Alternatively, to the extent that the Commission does not currently possess payment details, applications could be sought prior to any refund orders being made. Once all applications had been received, payments could be made. In what would appear the likely event that not all purchasers of Celluslim for whom the Commission does not currently hold payment details make applications for refunds, there still exists the possibility that, notwithstanding the fund having to bear the cost of the scheme, full refunds may nevertheless be possible. This to me would appear to be the preferable approach.

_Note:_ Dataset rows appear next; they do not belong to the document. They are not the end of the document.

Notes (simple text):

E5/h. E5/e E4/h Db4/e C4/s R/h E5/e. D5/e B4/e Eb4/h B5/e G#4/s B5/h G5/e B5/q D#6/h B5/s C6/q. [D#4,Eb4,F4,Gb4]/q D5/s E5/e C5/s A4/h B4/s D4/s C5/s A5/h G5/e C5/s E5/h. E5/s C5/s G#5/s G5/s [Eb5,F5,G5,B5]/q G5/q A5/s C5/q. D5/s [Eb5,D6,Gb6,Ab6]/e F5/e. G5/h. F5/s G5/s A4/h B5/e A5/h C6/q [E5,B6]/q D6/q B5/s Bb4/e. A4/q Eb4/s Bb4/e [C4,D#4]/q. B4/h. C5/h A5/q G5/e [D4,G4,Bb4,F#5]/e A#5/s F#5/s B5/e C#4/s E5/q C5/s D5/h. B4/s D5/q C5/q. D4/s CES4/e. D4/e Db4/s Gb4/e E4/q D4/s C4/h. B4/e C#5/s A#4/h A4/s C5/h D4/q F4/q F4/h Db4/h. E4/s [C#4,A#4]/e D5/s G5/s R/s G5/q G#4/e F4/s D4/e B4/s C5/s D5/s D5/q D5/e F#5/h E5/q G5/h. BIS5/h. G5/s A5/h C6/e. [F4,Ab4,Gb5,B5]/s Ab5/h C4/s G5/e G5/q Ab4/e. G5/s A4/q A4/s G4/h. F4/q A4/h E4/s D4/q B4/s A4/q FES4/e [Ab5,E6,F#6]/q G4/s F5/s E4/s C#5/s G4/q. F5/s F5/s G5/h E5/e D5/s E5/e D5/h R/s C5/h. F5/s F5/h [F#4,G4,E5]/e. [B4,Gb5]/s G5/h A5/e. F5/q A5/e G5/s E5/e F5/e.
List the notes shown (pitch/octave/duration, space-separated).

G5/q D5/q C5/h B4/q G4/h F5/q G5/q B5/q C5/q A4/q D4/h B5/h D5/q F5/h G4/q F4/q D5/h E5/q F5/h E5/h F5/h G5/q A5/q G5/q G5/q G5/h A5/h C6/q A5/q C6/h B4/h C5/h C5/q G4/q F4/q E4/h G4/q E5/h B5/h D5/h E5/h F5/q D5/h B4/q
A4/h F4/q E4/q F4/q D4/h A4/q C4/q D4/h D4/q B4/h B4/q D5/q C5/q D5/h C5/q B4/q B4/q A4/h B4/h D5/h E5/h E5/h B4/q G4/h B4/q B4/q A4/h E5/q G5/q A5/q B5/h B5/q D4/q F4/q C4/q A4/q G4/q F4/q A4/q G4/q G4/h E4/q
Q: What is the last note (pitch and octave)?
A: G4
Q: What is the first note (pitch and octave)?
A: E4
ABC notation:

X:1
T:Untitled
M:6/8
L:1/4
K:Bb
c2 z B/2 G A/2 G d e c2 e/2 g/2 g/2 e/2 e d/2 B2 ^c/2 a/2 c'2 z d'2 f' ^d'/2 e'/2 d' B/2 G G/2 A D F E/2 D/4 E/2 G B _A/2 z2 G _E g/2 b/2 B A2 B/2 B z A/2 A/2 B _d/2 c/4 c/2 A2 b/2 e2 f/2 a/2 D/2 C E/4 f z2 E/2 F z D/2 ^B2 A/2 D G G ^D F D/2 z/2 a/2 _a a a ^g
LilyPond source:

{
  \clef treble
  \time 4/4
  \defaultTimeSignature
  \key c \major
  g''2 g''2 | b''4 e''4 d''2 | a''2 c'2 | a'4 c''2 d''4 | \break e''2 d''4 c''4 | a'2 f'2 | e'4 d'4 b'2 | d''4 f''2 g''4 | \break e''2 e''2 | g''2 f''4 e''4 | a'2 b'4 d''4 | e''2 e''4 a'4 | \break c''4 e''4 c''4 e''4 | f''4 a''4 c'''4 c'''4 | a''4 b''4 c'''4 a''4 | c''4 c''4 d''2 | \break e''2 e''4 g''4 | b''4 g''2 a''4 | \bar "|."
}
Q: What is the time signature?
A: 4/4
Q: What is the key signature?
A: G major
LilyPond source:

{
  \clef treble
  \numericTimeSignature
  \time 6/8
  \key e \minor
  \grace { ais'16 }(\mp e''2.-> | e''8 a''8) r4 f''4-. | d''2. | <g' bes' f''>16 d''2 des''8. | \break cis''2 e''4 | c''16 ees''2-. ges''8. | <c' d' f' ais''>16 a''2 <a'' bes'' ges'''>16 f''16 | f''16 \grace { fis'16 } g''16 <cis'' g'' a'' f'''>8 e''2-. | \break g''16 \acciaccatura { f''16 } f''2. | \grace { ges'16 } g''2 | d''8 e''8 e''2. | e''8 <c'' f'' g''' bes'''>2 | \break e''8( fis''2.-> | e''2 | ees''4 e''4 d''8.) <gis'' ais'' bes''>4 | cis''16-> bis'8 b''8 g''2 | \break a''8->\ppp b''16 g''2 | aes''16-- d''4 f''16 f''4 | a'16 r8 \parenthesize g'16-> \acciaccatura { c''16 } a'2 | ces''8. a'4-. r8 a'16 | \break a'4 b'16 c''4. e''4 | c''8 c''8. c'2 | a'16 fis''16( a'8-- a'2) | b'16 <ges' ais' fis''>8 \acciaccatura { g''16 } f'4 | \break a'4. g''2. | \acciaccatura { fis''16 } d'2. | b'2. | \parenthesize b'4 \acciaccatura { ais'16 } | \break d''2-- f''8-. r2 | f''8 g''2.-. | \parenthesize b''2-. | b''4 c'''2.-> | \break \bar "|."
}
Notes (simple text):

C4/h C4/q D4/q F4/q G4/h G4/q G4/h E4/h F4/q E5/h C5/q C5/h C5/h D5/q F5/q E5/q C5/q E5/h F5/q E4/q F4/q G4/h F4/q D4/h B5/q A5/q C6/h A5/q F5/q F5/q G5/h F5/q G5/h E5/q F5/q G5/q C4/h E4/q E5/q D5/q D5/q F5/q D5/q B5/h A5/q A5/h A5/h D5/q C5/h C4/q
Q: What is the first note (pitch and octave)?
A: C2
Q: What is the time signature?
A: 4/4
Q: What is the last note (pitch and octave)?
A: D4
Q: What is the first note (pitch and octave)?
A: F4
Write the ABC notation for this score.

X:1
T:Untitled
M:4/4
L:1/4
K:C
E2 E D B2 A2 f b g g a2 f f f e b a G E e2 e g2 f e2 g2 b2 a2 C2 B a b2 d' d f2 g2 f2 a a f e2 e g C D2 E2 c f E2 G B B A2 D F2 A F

[27] We are not completely sure we understand what the judge envisaged by this suggestion. It seems to be a suggestion that Ferrier Hodgson’s fee could come from such of the $175,972.98 (the refund pot) as might not be claimed. Mr Dixon respectfully challenged the logic of this approach. He said: “Logic requires that the final outcome should not depend upon how many consumers come forward asking for refunds.” We respectfully agree with that submission. In addition, the judge’s suggestion appears to be a recognition that, at least in some circumstances, a defendant could legitimately be required to meet the costs of administering the scheme – but only by a side-wind. We prefer Judge Wilson’s approach, which is in a sense more transparent: Mr O’Neil and Martini will pay the costs of administering the scheme, but they will have returned to them any sums from “the refund pot” not actually required for refunds (because Ferrier Hodgson have been unable to trace all purchasers).
[28] Mr Ross, for Mr O’Neil and Martini, submitted that the Commission’s argument was contrary to principles of statutory interpretation. He submitted the Commission’s argument involved “filling gaps” in the legislation, which was not permitted. He also said there was a presumption against penalisation in property or other rights, except where there is clear lawful authority to do so. We do not accept that the Commission’s argument involves “filling gaps” in an illegitimate way. Rather, we are ensuring that a District Court decision to make an order that all victims be reimbursed in full cannot be thwarted by the absence of adequate records and the unco-operativeness or unreliability of the defendant. Nor does Judge Wilson’s order impose an additional “penalty” on the defendants: they had the option of making the refunds voluntarily, but chose not to co-operate.
[29] At the end of the day, Mr O’Neil and Martini sold worthless products to a value of $175,972. The court determined that all purchasers should be reimbursed. That that order was appropriate is no longer an issue. What the defendants seek is to shift what would normally be their responsibility to effect that order to either the Commission or the Ministry of Justice (if the court were to administer the scheme) or the victims (on a pro rata basis). We see no justification for that cost-shifting. In our view, there was jurisdiction for the District Court to require Mr O’Neil and Martini to meet the costs of Ferrier Hodgson as the court’s agent in implementation of the refund order.
[30] In this regard, we hold that the District Court did have power to order the defendants to pay for the cost of an agent administering the refunds payable to victims.
[31] Clifford J’s formal question with regard to this first issue was as follows:

Did I err in finding that there is no jurisdiction under s 43 of the Act to make an ancillary order directing the [respondents] to cover the cost of administering a refund scheme, and therefore was I wrong to overturn the District Court Judge’s decision to order the [respondents] to jointly and severally pay for Ferrier Hodgson & Co’s costs and disbursements for administering the refund scheme ordered by the District Court?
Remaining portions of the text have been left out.